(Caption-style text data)
□ □ □ □ □

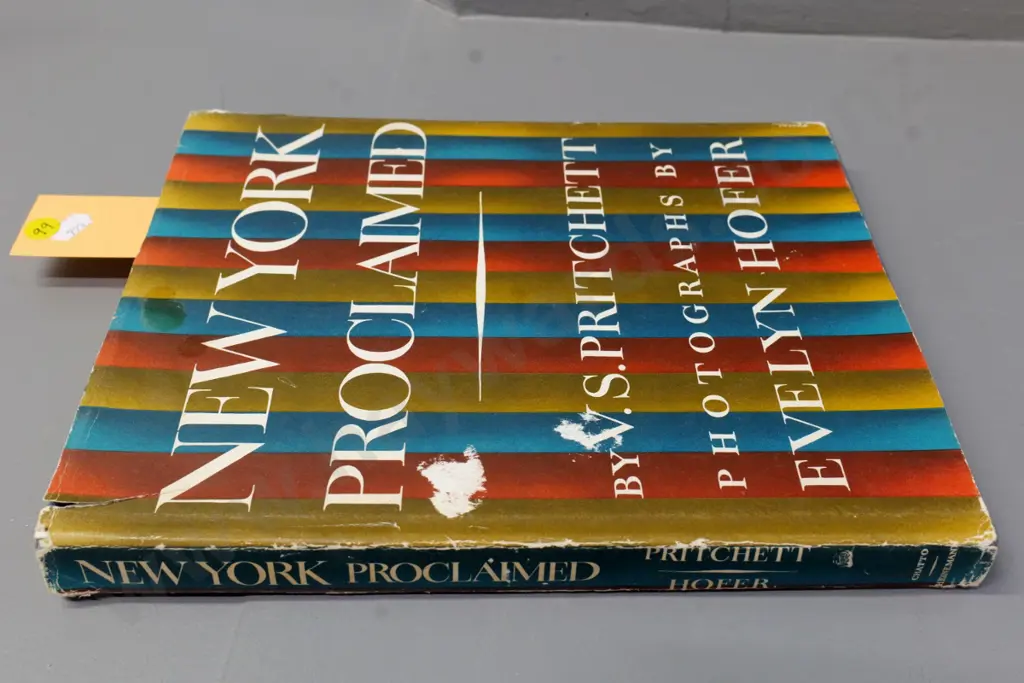 photo book - New York Proclaimed - photos by Evelyn Hofer, text by V.S. Pritchett, 1964/65 Image 1++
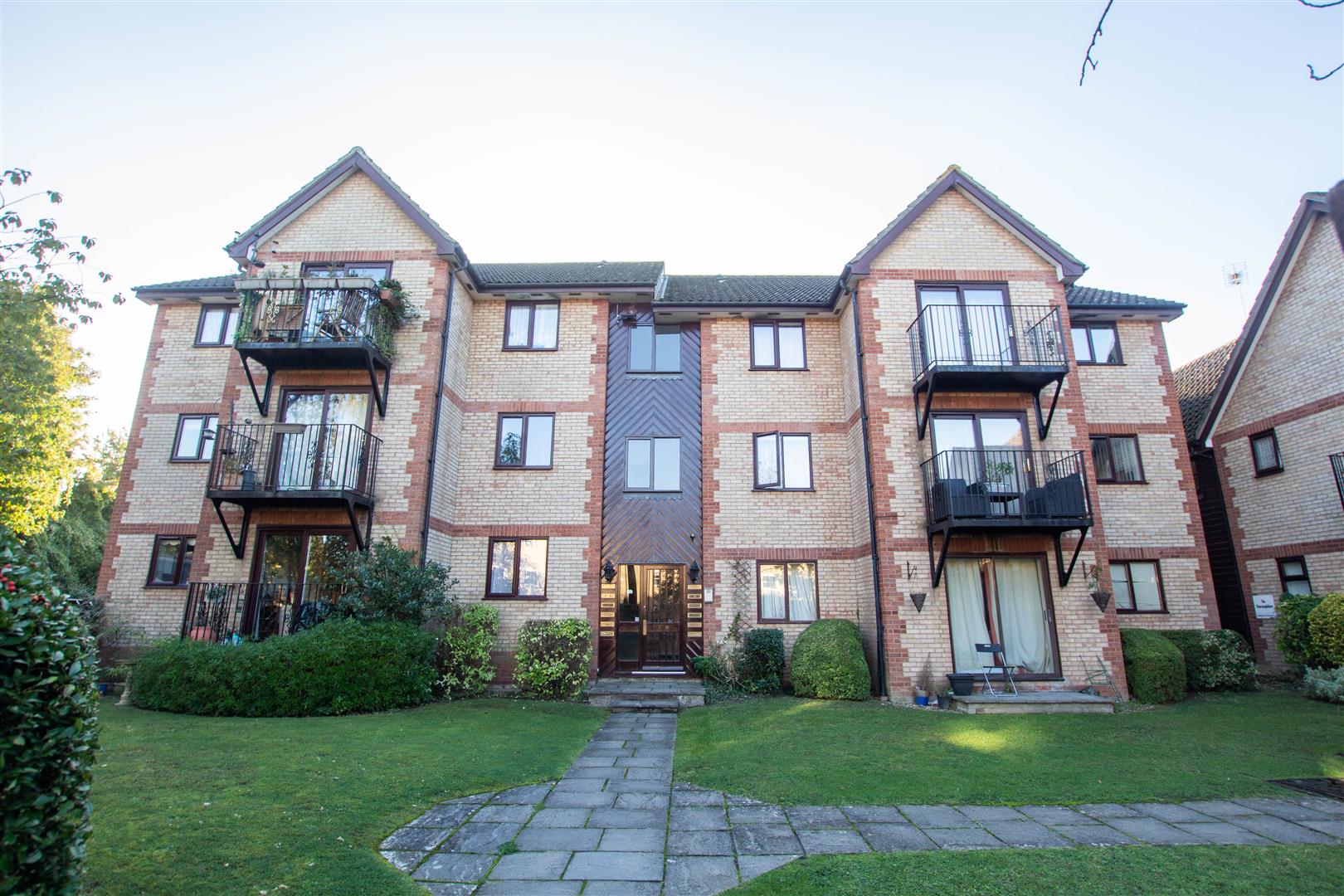 2 Bedroom for sale in Saffron Walden Cheffins Saffron Walden Sales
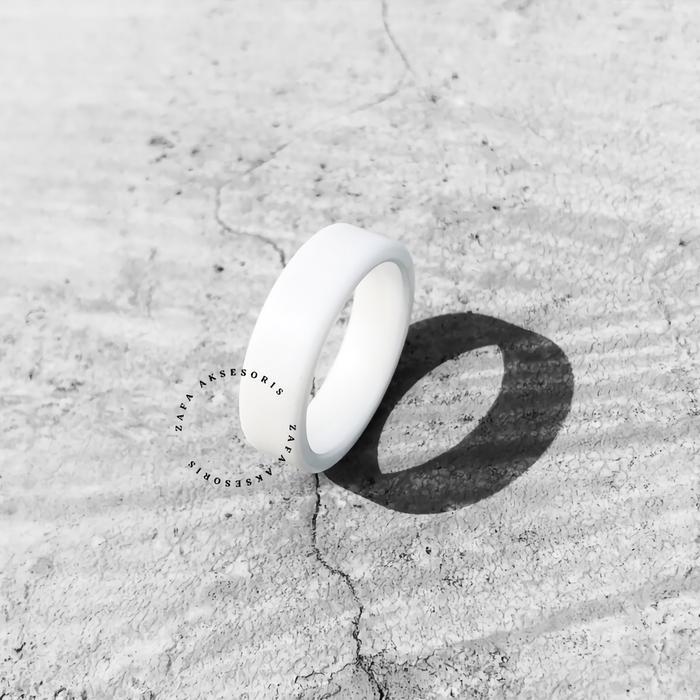 ys4k- Zafa Cincin Titanium Pria Wanita Hitam Putih Polos 6Mm - Porche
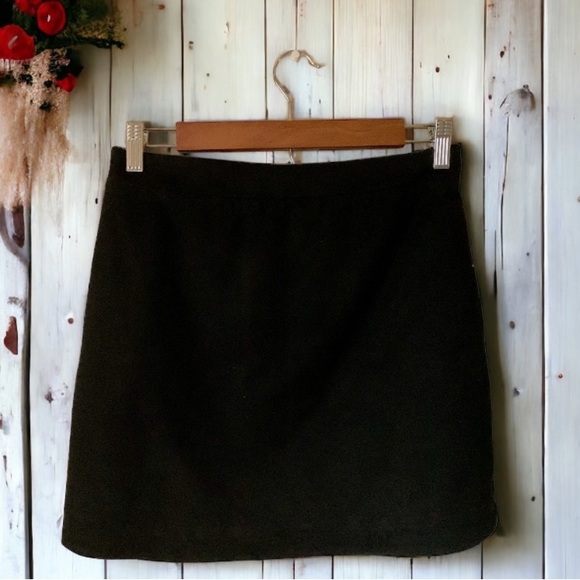 Francesca’s Miami Embroidered Floral Mini Skirt Size SMALL - Picture 5 of 9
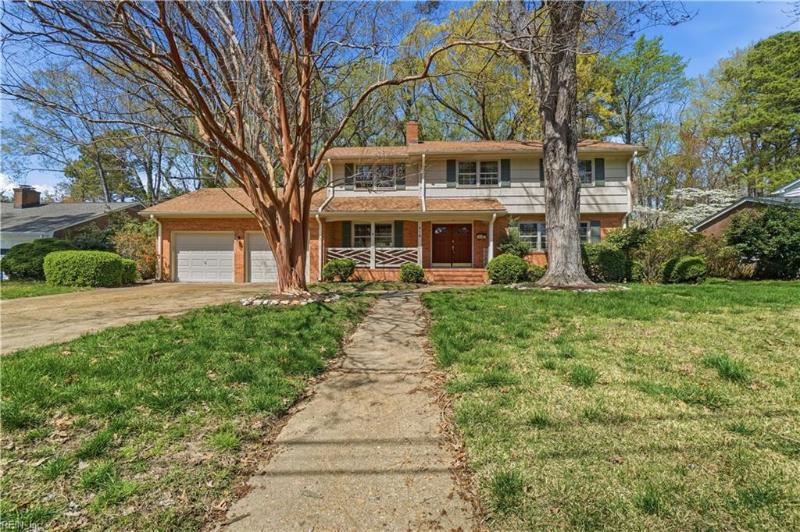  218 Crittenden Lane Newport News, VA 23606 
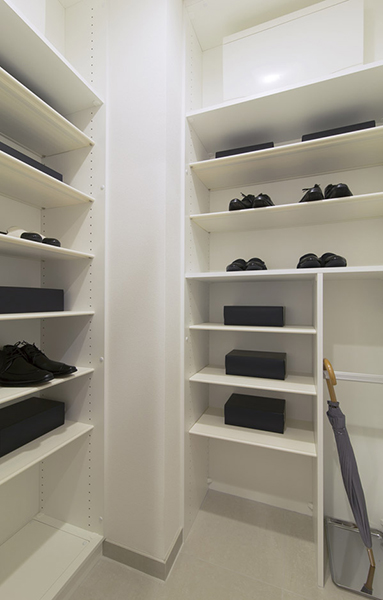 Shoes-in closet that can be used while wearing shoes. Shoes, of course, Perfect for storage of items for going out of dirt and bring in the room is a concern.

□ □ □ □ □

→ **What is being asked**:
Pictures stay out of this copy. Retype exactly the lines from the one with "218 Crittenden Lane Newport News, VA 23606" through the last line of the data, both ends included, and nothing more.

→ **Your response**:
  218 Crittenden Lane Newport News, VA 23606 
 Shoes-in closet that can be used while wearing shoes. Shoes, of course, Perfect for storage of items for going out of dirt and bring in the room is a concern.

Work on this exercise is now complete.